Issue Summary
When going in the Admin section on the Celery Status tab, randomly it displays “Failed loading status. Please refresh.”. Sometimes, after a reload it works again, but after redash is left unattended for a couple of days, reloading doesn’t help, only restarting the scheduler or redis makes the view available again.
Technical details:
- Redash Version: redash/redash:7.0.0.b18042
- Browser/OS: Chrome 75.0.3770.100 / macOS 10.14.5 (18F132)
- How did you install Redash:
Migrated Redash 3.0.0+b3134 local install on 16.04.4 LTS (Xenial Xerus) to Docker 7.0.0.b18042 on CoreOS stable.

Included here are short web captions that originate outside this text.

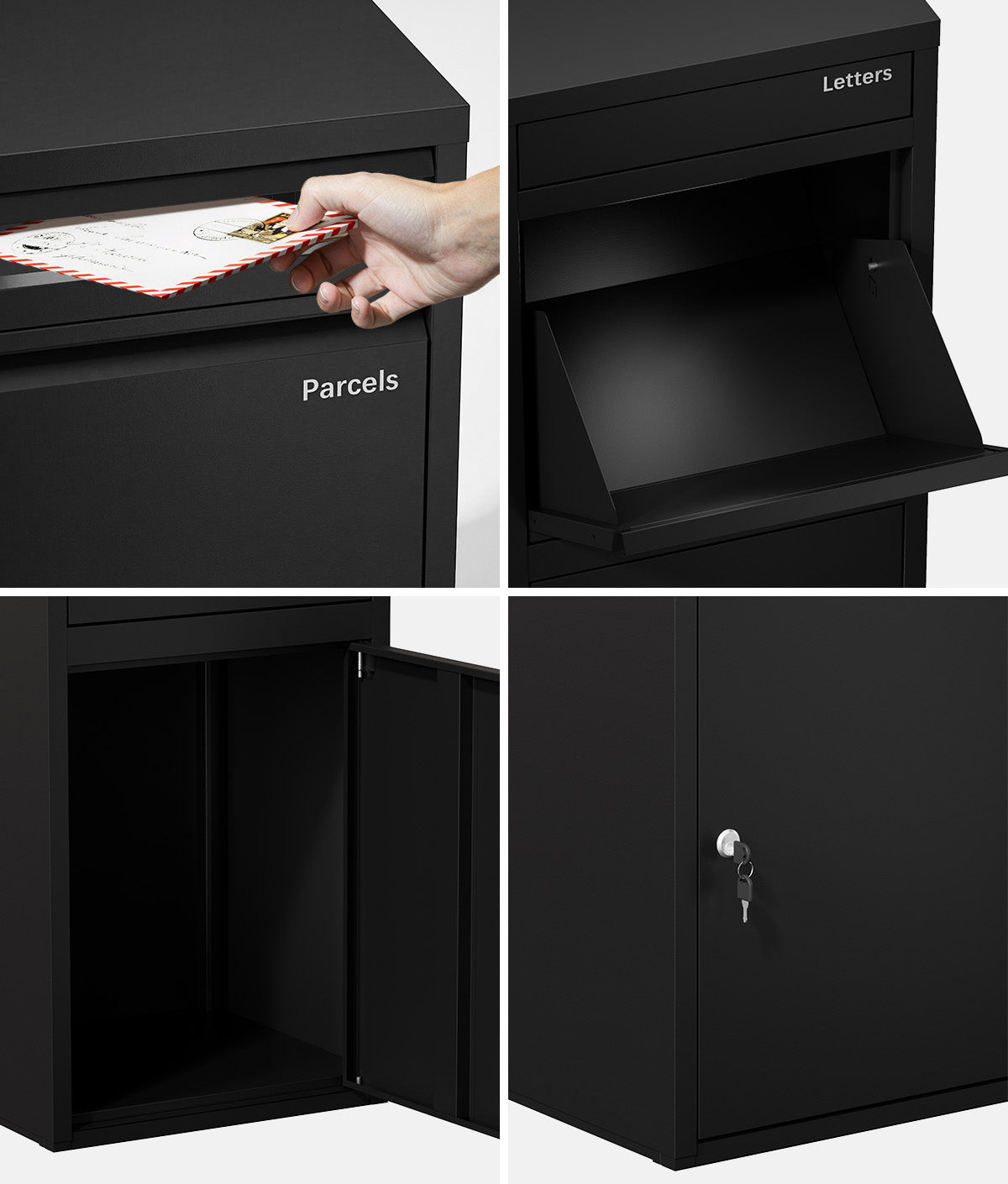 Oikiture Steel Parcel Letterbox Drop Box Package Lockable Storage Black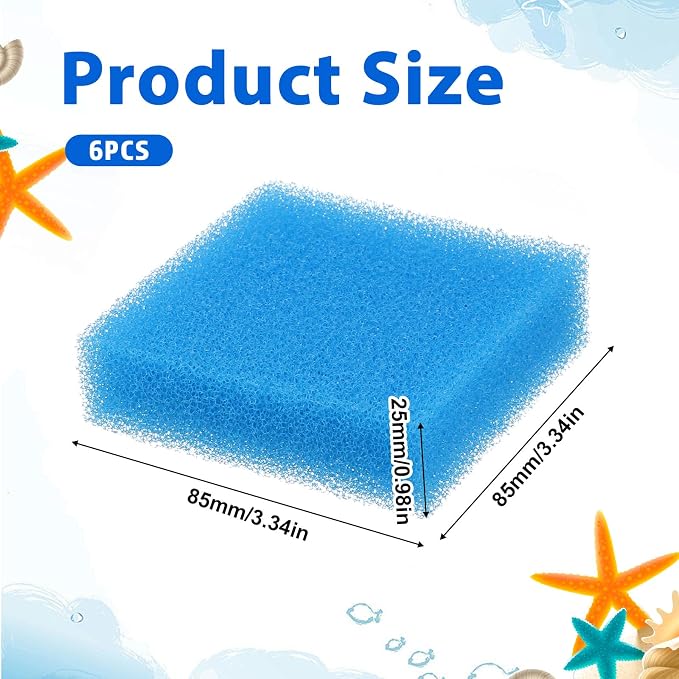 6 Pack Aquarium Sponge Fish Tank Scrubber - Image 2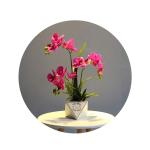 Kunstblumen Künstliche Blumen, 3 Zweige Orchideen im Topf, lebensechte künstliche Schmetterlingsblumen mit Keramikvase, Heimbüro-Dekoration für jeden Anlass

The migration is in fact a parallel run. I restored the 3.0.0 pgsql database backup into AWS RDS, then executed the migrations in the following order using a docker setup:
- redash/redash:3.0.0.b3147
- redash/redash:4.0.2.b4720
- redash/redash:5.0.0.b4754
- redash/redash:6.0.0.b8537
- redash/redash:7.0.0.b18042
Everything seems successful and queries (scheduled alike) run perfectly fine. Occasionally the message will pop up and https://redash.my.domain/admin/queries/tasks returns a 500.
Server log
[2019-07-25 08:52:59,827][PID:14][INFO][metrics] method=GET path=/admin/queries/tasks endpoint=redash_index status=304 content_type=text/html; charset=utf-8 content_length=926 duration=0.64 query_count=2 query_duration=4.27
[2019-07-25 08:53:00,768][PID:14][INFO][metrics] method=GET path=/api/session endpoint=redash_session status=200 content_type=application/json content_length=1331 duration=3.59 query_count=3 query_duration=6.02
[2019-07-25 08:53:00,880][PID:14][INFO][metrics] method=GET path=/api/organization/status endpoint=redash_organization_status status=200 content_type=application/json content_length=100 duration=33.92 query_count=7 query_duration=16.14
[2019-07-25 08:53:00,892][PID:14][INFO][metrics] method=GET path=/static/images/favicon-32x32.png endpoint=static status=200 content_type=image/png content_length=2005 duration=0.57 query_count=2 query_duration=4.66
[2019-07-25 08:53:01,000][PID:14][INFO][metrics] method=GET path=/api/dashboards/favorites endpoint=dashboard_favorites status=200 content_type=application/json content_length=55 duration=17.37 query_count=4 query_duration=10.72
[2019-07-25 08:53:01,036][PID:14][INFO][metrics] method=GET path=/api/queries/favorites endpoint=query_favorites status=200 content_type=application/json content_length=55 duration=22.94 query_count=4 query_duration=12.73
[2019-07-25 08:53:01,162] ERROR in app: Exception on /api/admin/queries/tasks [GET]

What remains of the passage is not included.